Legal Analysis: Safeguards Under NSA

Preventive detention under NSA demands rigorous compliance with Article 22(5) and Section 8 : prompt furnishing of grounds and all documents/materials for representation. Non-supply or partial access (thumbnails vs. videos) thwarts effective advocacy, rendering detention unconstitutional ( Lallubhai Jogibhai Patel v. Union of India , 1981).

Cited precedents reinforce: irrelevant/no- nexus material invalidates subjective satisfaction ( Ameena Begum ). Digital evidence introduces novelties—courts may mandate playback proofs, audio verification. AI translations face accuracy tests, vital in multilingual India.

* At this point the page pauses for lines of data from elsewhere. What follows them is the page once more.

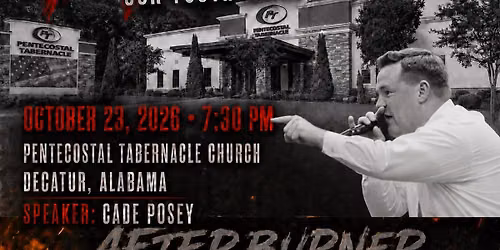 APEX SCR YOUTH RALLY
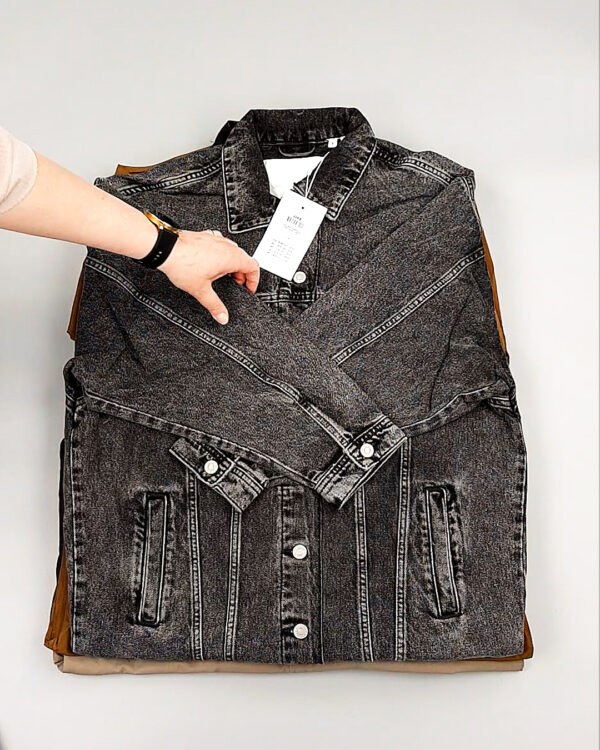 Фотография  558 - Ветровки Bestseller+DK 035#10 кг оптом в Пскове и Псковской области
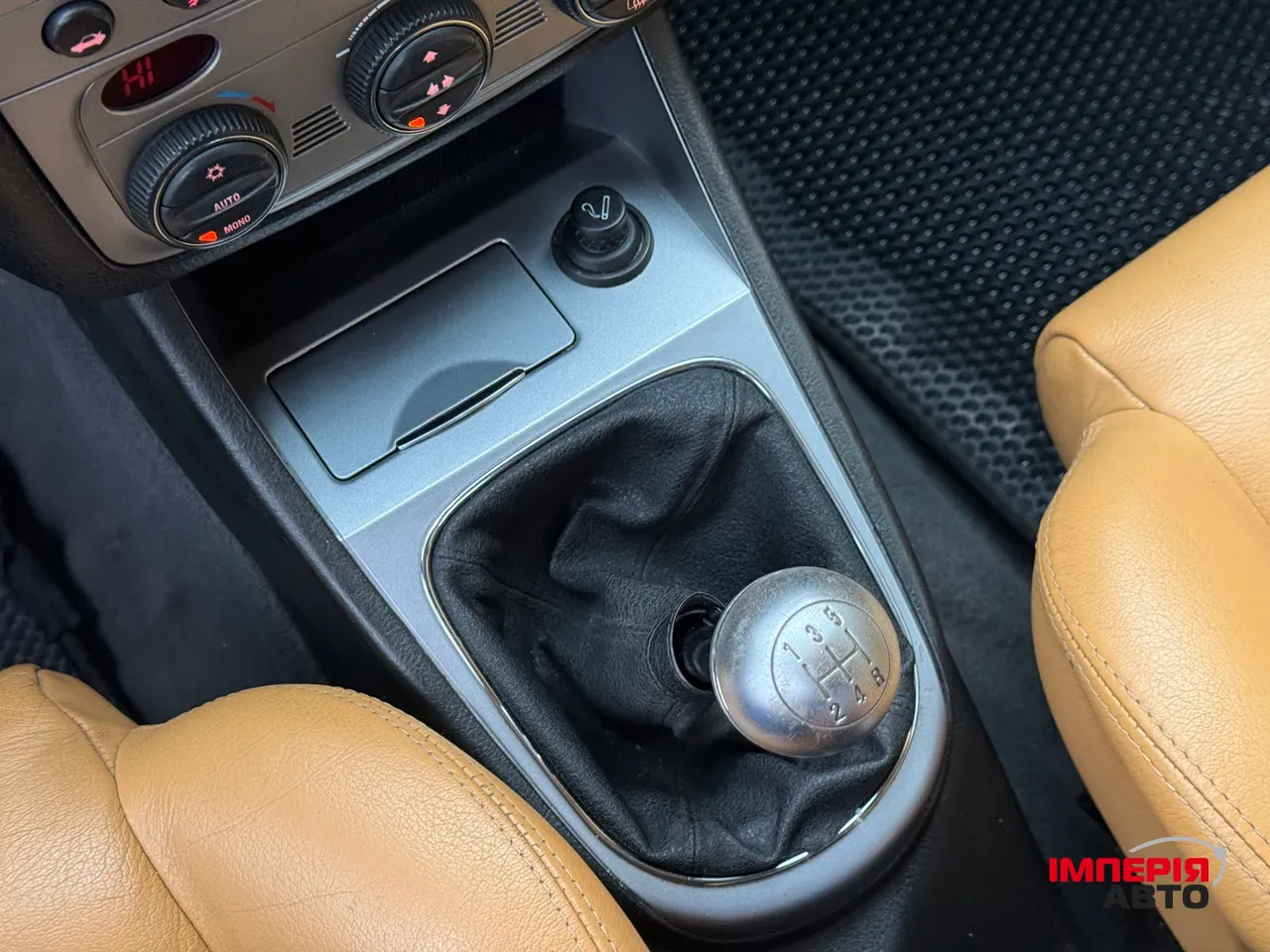 Alfa Romeo 147 - фото 45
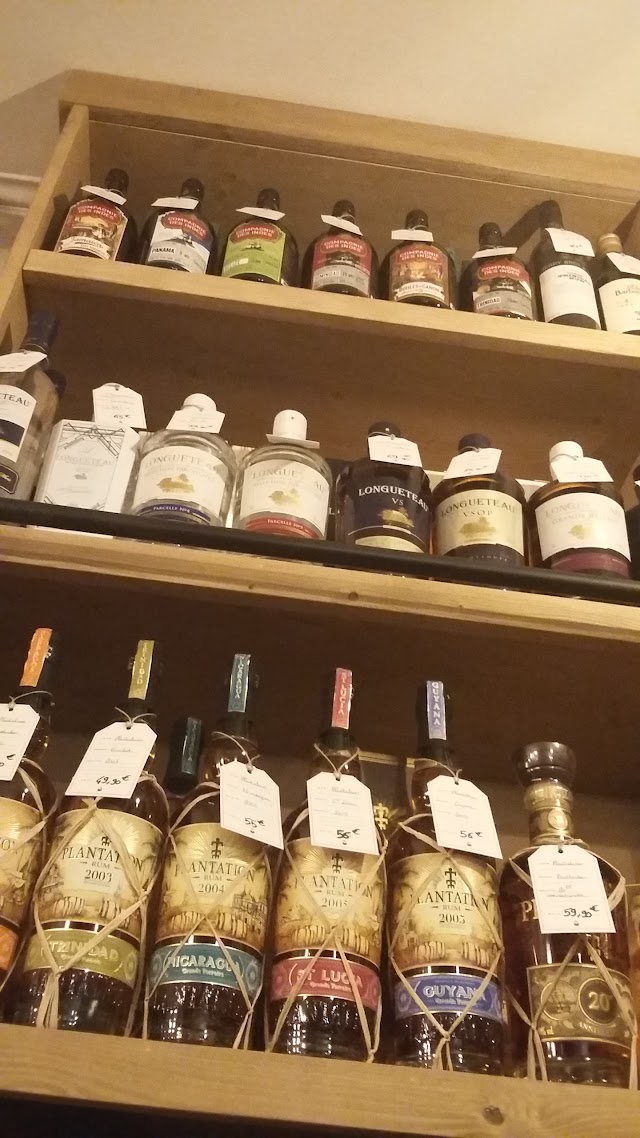 L'Aquoiboniste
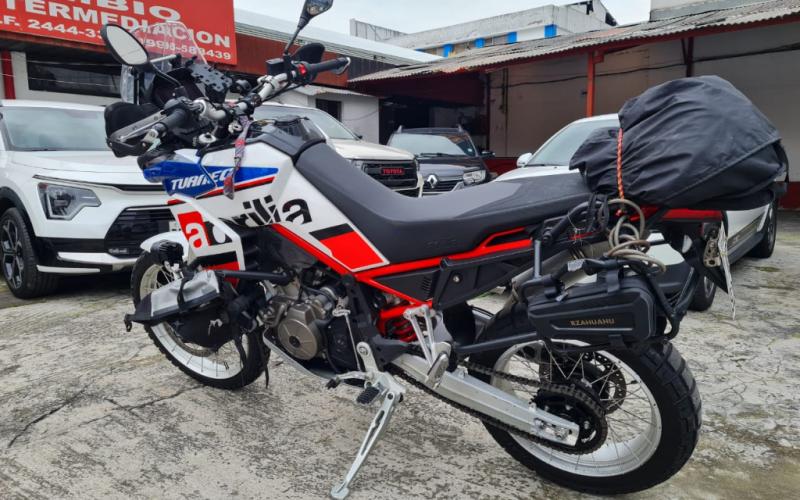 Aprilia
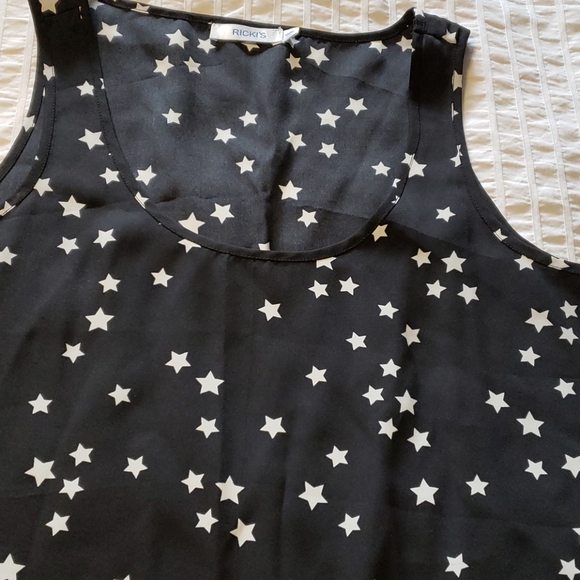 Starry Tank - Picture 3 of 4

This case tests if "showing" suffices or if "supplying" implies possession/playable access, potentially expanding due process in opaque detentions.

Implications for Legal Practice and Justice System

For practitioners, it signals aggressive challenges to digital disclosures in NSA/UAPA cases: demand videography audits, independent verification, representation timelines. Constitutional litigators gain ammo on application of mind via stale/irrelevant grounds.

Broader: Reinforces judicial wariness of executive overreach in activism detentions, especially border protests. Could deter casual NSA invocations, prioritizing evidence integrity amid AI/tools. Impacts Ladakh's autonomy discourse, balancing security with speech rights.

Looking Ahead

With Mehta's response pending, the bench holds pendrives for review. Release looms if procedural infirmities prevail, setting NSA benchmarks. This saga underscores preventive detention 's fragility—robust process or peril.